Balikpapan, nomorsatukaltim.com - Banyak Ekonom dan pelaku ekonomi yang merasa aneh dengan Kalimantan Timur (Kaltim). Produsen bahan mentah. Namun sulit mendapat nilai tambah.

Data Kantor Perwakilan Bank Indonesia (BI) Kaltim menunjukkan, daerah ini masih mendatangkan minyak goreng ribuan ton per tahun. Padahal bahan baku pembuatan minyak goreng berasal dari Bumi Etam.

Itulah yang mengemuka dalam webinar Perkembangan dan Prospek Perekonomian Provinsi Kaltim, yang diselenggarakan BI Kaltim, baru-baru ini. Yang menjadi bahasan menarik lainnya, ialah soal keberadaan Kawasan Ekonomi Khusus (KEK).

Di Kaltim, pemerintah menetapkan kawasan ekonomi khusus Maloy Batuta Trans Kalimantan (MBTK). Sesuai dengan Peraturan Pemerintah (PP) Nomor 85 Tahun 2014.

KEK Maloy diperuntukkan bagi industri pengelolaan minyak sawit (CPO) dan turunannya, industi pengolahan kayu, logistik dan pelabuhan.

Ketua Umum Himpunan Kawasan Industri (HKI), Sanny Iskandar menjelaskan, kawasan seluas 557,34 hektare (ha) yang berlokasi di Kabupaten Kutai Timur ini memiliki potensi yang sangat besar.

“Sasarannya sangat luas. Optimalisasi kegiatan industri, ekspor, impor dan kegiatan ekonomi lainnya yang memiliki nilai ekonomi tinggi,” kata Sanny baru-baru ini.

Bukan hanya KEK Maloy. Kawasan industri lainnya juga potensial. Seperti Kawasan Industri Kariangau di Balikpapan. Karena itu, ia merekomendasi beberapa hal yang bisa ditindaklanjuti untuk Kaltim.

Di antaranya mengurangi ketergantungan terhadap sumber daya alam tidak terbarukan (non-renewable resources): batu bara, bahan bakar fosil, gas alam, batuan dan mineral.

Pengembangan produksi dari bahan mentah menjadi barang jadi atau setengah jadi. Selanjutnya, peralihan produksi dan pengolahan SDA maupun energi terbarukan (renewable resources).
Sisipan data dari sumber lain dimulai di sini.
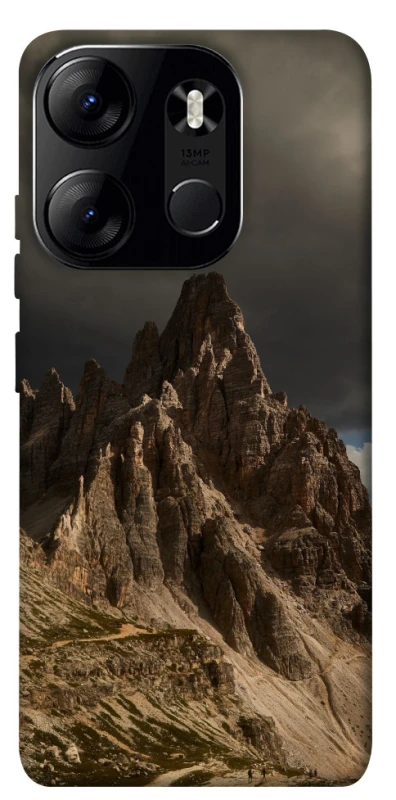 Чохол на Tecno Spark Go 2023 Mountain v2 фото 1 з 1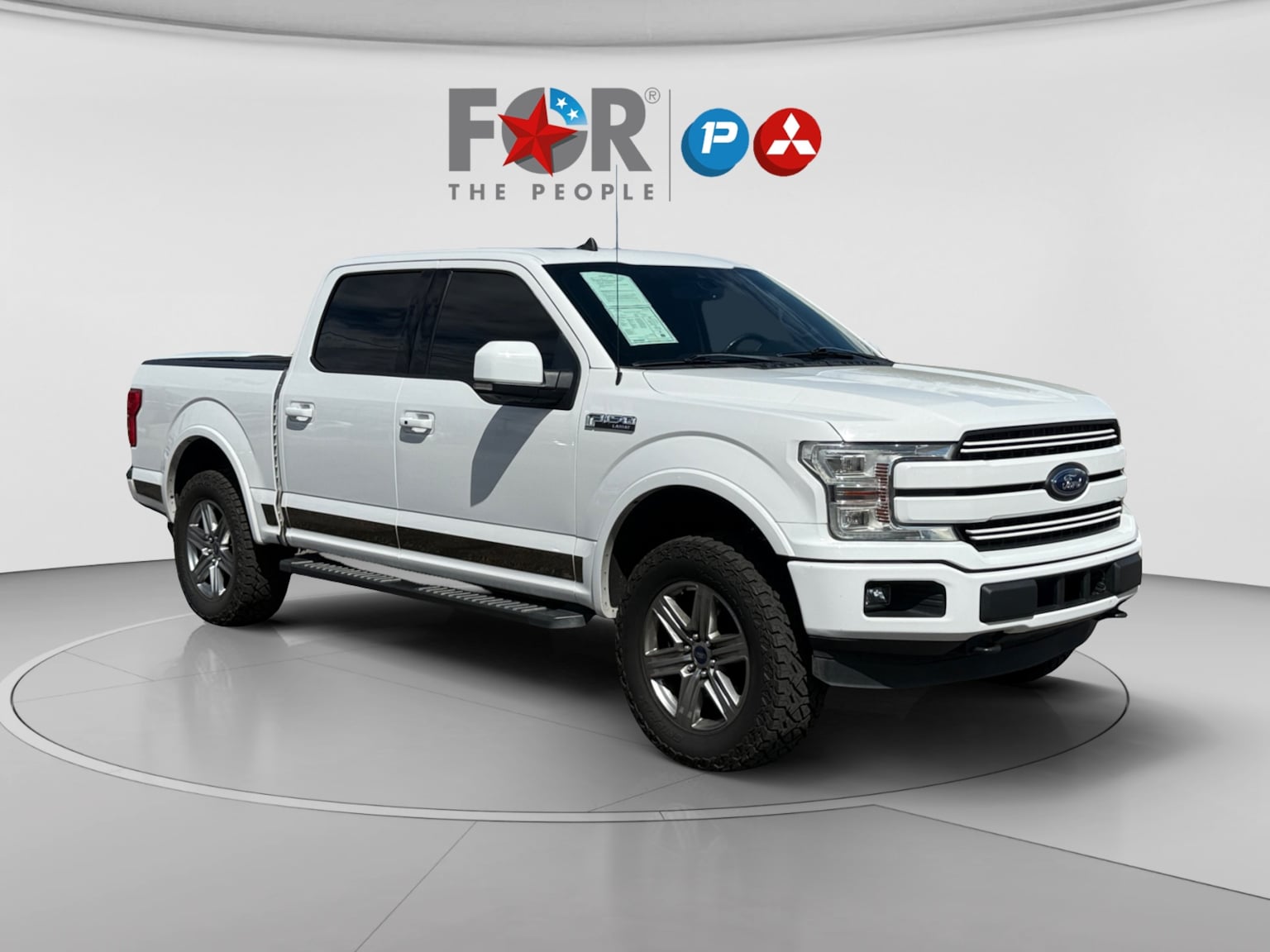 Ford F-150 photo 7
Yang tak kalah penting adalah pengembangan industri pionir yang mendukung pengembangan calon ibu kota negara (IKN) baru.

Selain itu, pihaknya menyebut pemerintah daerah juga harus punya kebijakan yang mendukungnya. Harus ada mitra strategis yang mempunyai komitmen dalam pembangunan. “Karena kawasan Kaltim sudah memenuhi unsur strategisnya (di ALKI II). Di mana bahan baku melimpah dan sudah ada pelabuhan laut,” ujar pria yang juga Ketua Apindo Bidang Properti dan Kawasan Ekonomi ini.
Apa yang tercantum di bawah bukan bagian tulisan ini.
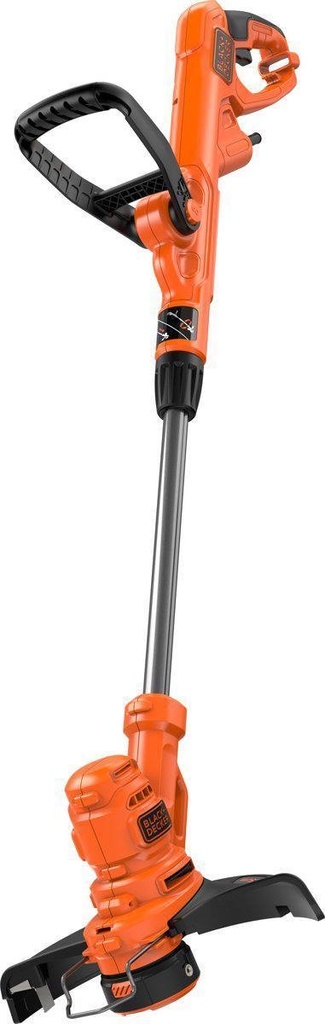 Black Decker Trimmer - Besta525-Qs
Kaltim memiliki beberapa kawasan yang diharapkan mampu menjadi motor pertumbuhan ekonomi. Kawasan untuk hilirisasi SDA dan kawasan untuk pariwisata berkualitas.
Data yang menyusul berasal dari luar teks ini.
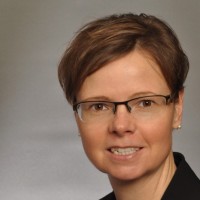 MASTERRIND GmbH Employee Simone Kersten's profile photo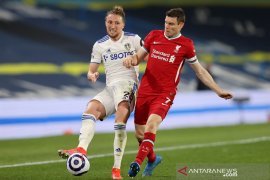 Soal Liga Super Eropa, Milner : saya tidak menyukainya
Pertama, batu bara. Produk turunannya memiliki nilai tambah yang relatif tinggi sudah diminati investor. Kemudian hilirisasi batu bara mendorong terintegrasinya industri pengolahan terkait di satu kawasan.

Kedua, CPO. Sentra produsen nasional setelah Sumatera. Produk hilirisasi CPO berpotensi dikembangkan lebih jauh. Untuk mendorong terintegrasinya industri pengolahan lanjutan berbasis CPO di satu kawasan.